The number of outlets for vent holes 25,625 can be any number, pattern and diameter and be placed wherever required. The number, size and spacing of the grooves 22,23, 622, 623, 32, 33 can be varied to suit requirements and similarly for the gasket 24, 624 which can be placed on the fitting 2, and/or in the blind hole 4. The size and shape of the feed channel 5 can also be varied.

It will also be understood that where a product, method or process as herein described or claimed and that is sold incomplete, as individual components, or as a “kit of Parts”, that such exploitation will fall within the ambit of the invention.

In yet further options the fitting 3 can also include a dust cover member (not shown), like for example being in the form of a cylindrical member having an internal recess portion shaped to mirror the outward shape of the insertable section 14, and optionally extend to cover the tightening section (15). In this example the dust cover can be made of plastics or silicon.

Side Coupler

FIGS. 18-21 show another embodiment of the coupler 702, which is shaped and adapted to allow the coupler 702 to be oriented in a substantially horizontal plane with regard to the fitting (not shown). However, it will still be appreciated that the insertion direction of the coupler 702 over the cylindrical portion 14, is essentially the same as described previously. This embodiment allows access to the fitting 3, in situations where a direct axial approach may be hindered.

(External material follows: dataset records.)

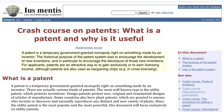The most well-known type of patent is the utility patent, which protects inventions. Some countries have plant patents, which are granted to anyone who invents or discovers and asexually reproduces any distinct and new variety of plants.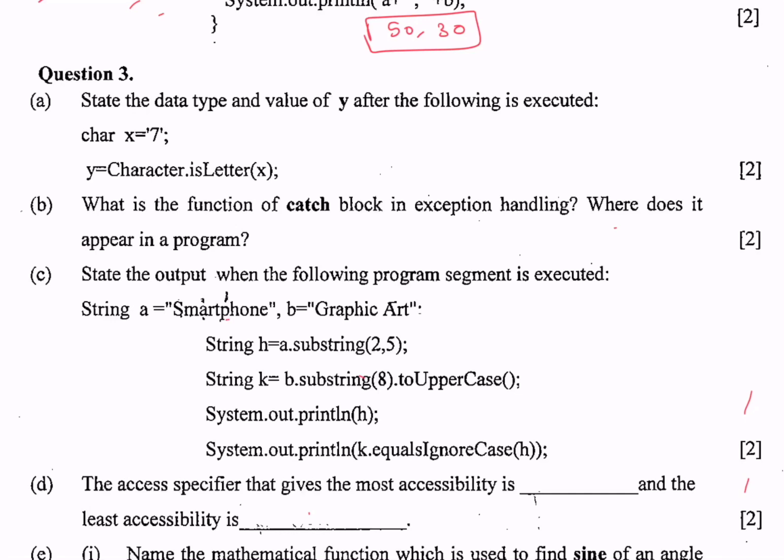Hello guys, welcome to Code with BK. In this video I am going to solve question 3 of ICSC 2015.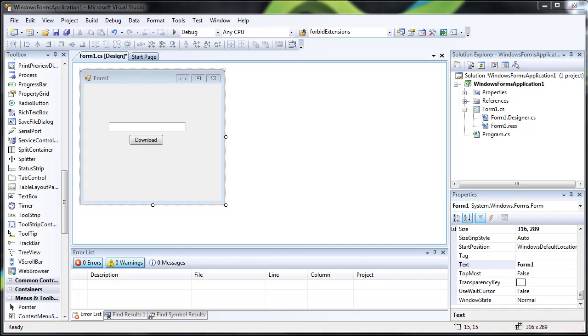Hello, today I'm going to show you how you can download a file directly from its URL using C Sharp in Visual Studio 2008.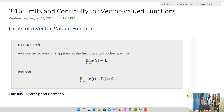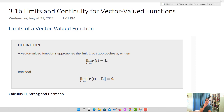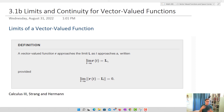We'll start with this definition: a vector-valued function r approaches the limit L as t approaches a, written as the limit as t approaches a of r(t) equals L. Notice that r and L are both vectors — bolded in this typeface — so the limit of a vector gives us a vector result. The analytic definition below states that if you take the limit as t approaches a of r(t) minus its limit, you get zero, exactly like Calc 1, except now we're working with vector-valued functions.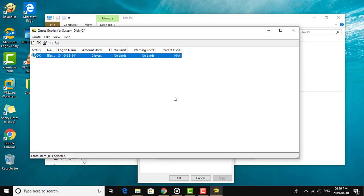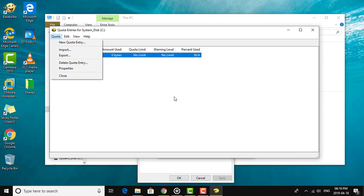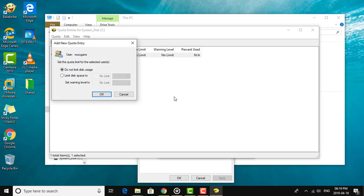Click Quota Entries. Click Quota, then click New Quota Entry. Type the user name to add a Quota Entry. Click Check Names. Set the Limit Disk Space and Warning Level.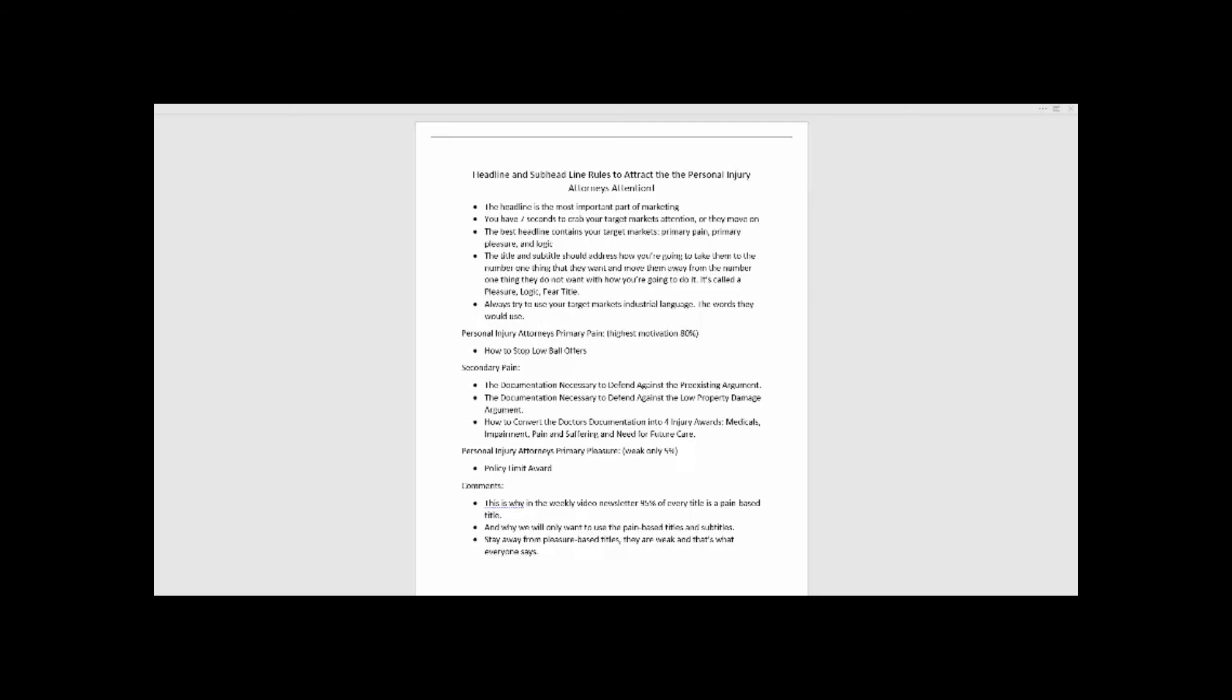Just because you print or do a video doesn't mean people watch the whole thing. It first starts with the headline. The best headline contains your target market's primary pain and primary pleasure, and then the logic—how you take them away from the pain, the thing that hurts the most, to the thing they want the most. That's called blood logic. That's the absolute single best headline for any target market, period.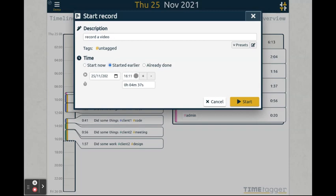By default, the start time will snap to the stop time of the previous record. But you can also change the time here.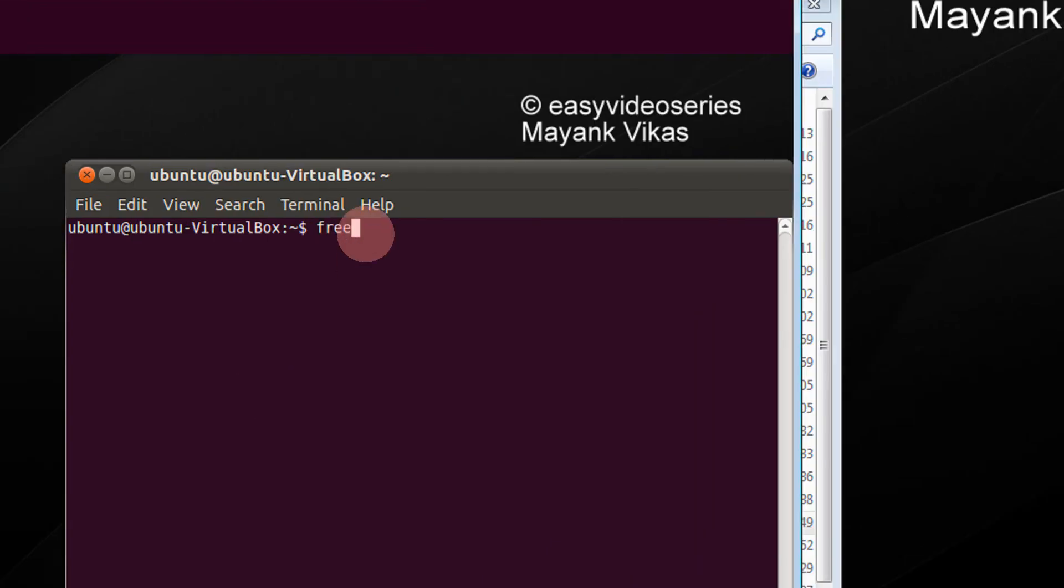Just type free. Minus t gives you columns as you will see in the output, and minus m gives you the data in megabytes.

The fluid supply end is provided with means to allow removable connection to a supply of lubricant or whatever fluid is being used by the apparatus. In this example the means includes a cylindrical recess 707 with a peripheral inner thread. The main body of the coupler 702, is a substantially square shaped cross-section, with a flat end face at the discharge end 701.

A grease feed channel 705 extends through the body of the coupler from the grease supply 707, to the grease channel exit 708. In this embodiment the receiving portion 704 of the coupler 702, extends entirely through the body of the coupler, thus eliminating the need for vent passages to allow trapped air to escape. Further, this embodiment may allow the coupler 702 to be fitted to a fitting from either side. Alternatively, the nipple receiving portion 704 may be a blind hole, as described previously.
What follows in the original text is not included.